Entonces, gracias a la galería, muchos de estos artistas pudieron instalarse en México, algunos con su familia. A casi todos tuve que enseñarles el capitalismo, poco importa si ahora esto puede parecer pretencioso, pero en ese momento fue una realidad. La mayoría tomó luego, como sucede en la vida, otros rumbos. Unos se quedaron en México y otros se fueron a vivir a Nueva York, Miami u otros sitios. De todos, solo dos regresaron realmente a La Habana. 

―Tengo entendido que después abriste tu espacio a artistas mexicanos, españoles, rusos y de otras nacionalidades…

―En efecto, la galería se convirtió poco a poco en una tribuna del arte internacional, y yo empecé a viajar a ferias de arte mundiales en diferentes ciudades y a representar a los artistas con los que trabajaba en Berlín, Venecia, Miami, Basilea, Madrid, etc. Ahora represento no solo a artistas cubanos contemporáneos como Ernesto García, Agustín Bejerano, Katiuska Saavedra, Sandra Ramos, el Atelier Morales, Ángel Delgado, René Francisco, Lidzie Alvisa, entre otros, sino también a Rosa Brun (española), Carlos Amorales, Carlos Aguirre, Perla Krauze y Boris Viskin (mexicanos), Ilya y Emilia Kabakov (rusos), entre muchísimos más que sería largo y tedioso mencionar.
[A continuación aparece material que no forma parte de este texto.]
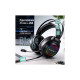 Наушники ColorWay BlazeCore RGB Black (CW-HPG03BK)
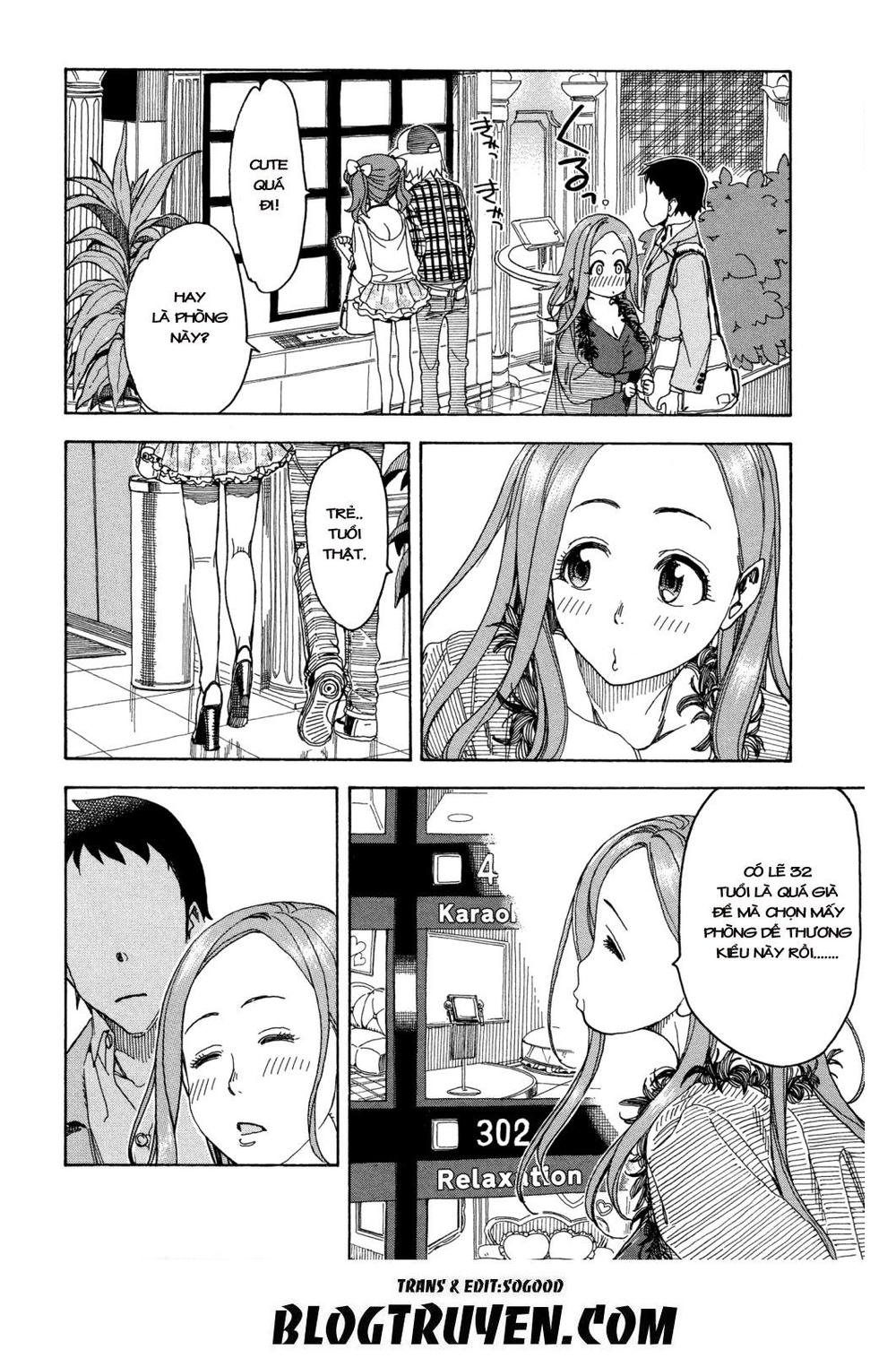 Okusan Chapter 24 - Trang 2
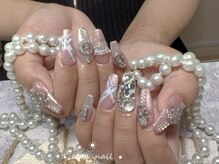 モアネイル 新宿/ワンホンネイル【新宿駅】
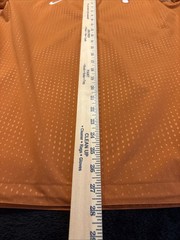 Nike Texas Longhorns University Of Texas Quarter Zip Pullover Size XL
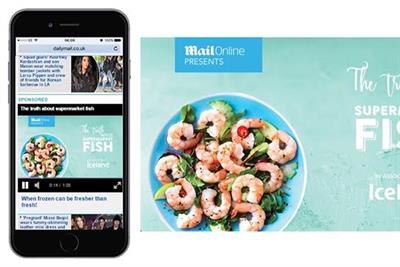 MailOnline expands brand video player to mobile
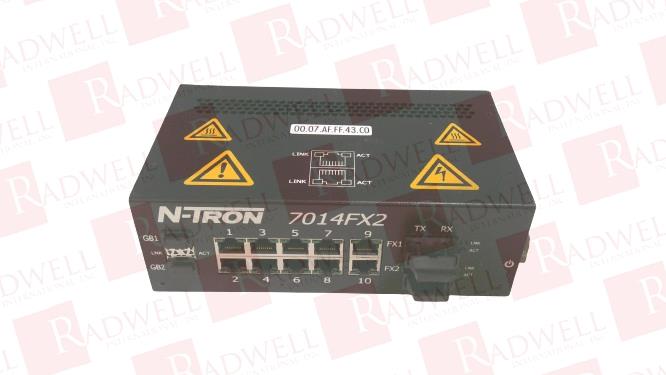 RED LION CONTROLS 7014FX2-SC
He impartido muchas conferencias y curado varias exposiciones a través del mundo. 

―¿En qué proyectos estás enfrascada ahora?

―He fundado el proyecto Ninart-Havana con coleccionistas del mundo entero interesados en el arte cubano contemporáneo. Este proyecto es parte del funcionamiento de la galería. También llevo un blog en el que comparto experiencias estéticas, viajes y memorias familiares o históricas. He escrito La libreta de los errores, unas memorias en las que trabajo mucho, aún en forma de manuscrito y en busca de editor.

Tu decisión de viajar a Cuba y de convertirte en la década de 1990 en el puente de los artistas de la Isla con el mundo exterior te ha valido muchas críticas por parte de quienes ven en esa decisión una traición, descendiendo como desciendes de una de las familias pudientes de Cuba. ¿Qué puedes decir de esto?

―Mi familia participó activamente en el mecenazgo de arte durante todo el período republicano cubano. Pienso que la cultura cierra y sana las heridas, y es cierto que tras el triunfo de la insurrección de 1959 perdimos todos las propiedades, además de otros bienes, confiscados por el gobierno castrista. He recibido el rechazo de cubanos exiliados que no entienden que haya podido volver al sitio del que prácticamente fuimos expulsados. Respeto y entiendo esta posición que era, como ya dije, la de mis padres en 1982, cuando les comenté que deseaba viajar a La Habana. 

Ahora bien, gracias a este regreso y a mi trabajo constante como galerista, a las obras que he dado a conocer a través de todo el mundo, a los coleccionistas y a las perspectivas que he abierto para decenas de artistas, he recuperado, si no todo, al menos un poquito de lo mucho que perdimos en la Isla. En cierta medida no me quedé dada. Creo que es así como se dice en Cuba, cuando alguien te da un golpe y te quedas de brazos cruzados esperando no sé qué.